When you reach the line containing "Caballo de deporte", begin reproducing the material exactly, stop after the line containing "フッコ（マルスズキ）の釣果", and leave out any pictures along the way.

SUPPLIED MATERIAL:
● ● ● ● ●

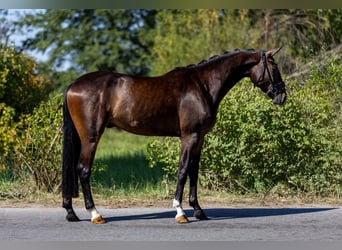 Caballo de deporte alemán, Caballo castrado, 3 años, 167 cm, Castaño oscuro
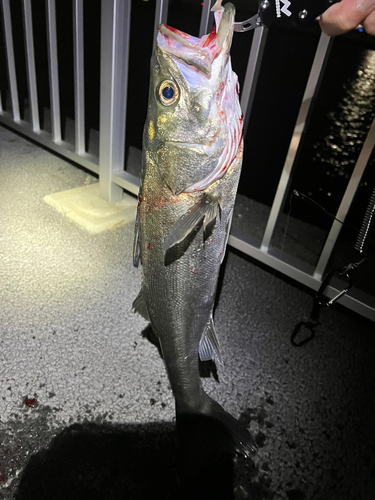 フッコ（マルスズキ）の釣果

● ● ● ● ●

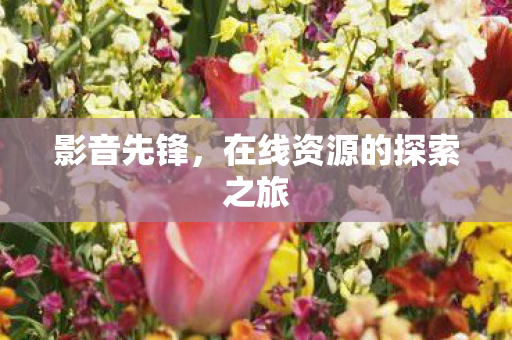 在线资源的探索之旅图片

● ● ● ● ●

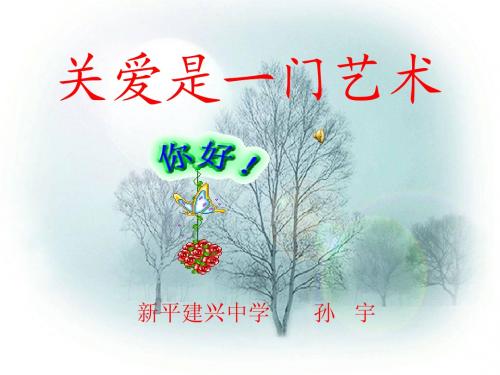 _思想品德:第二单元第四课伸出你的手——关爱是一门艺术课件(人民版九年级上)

● ● ● ● ●

SOLVED EXERCISE:
 Caballo de deporte alemán, Caballo castrado, 3 años, 167 cm, Castaño oscuro
 フッコ（マルスズキ）の釣果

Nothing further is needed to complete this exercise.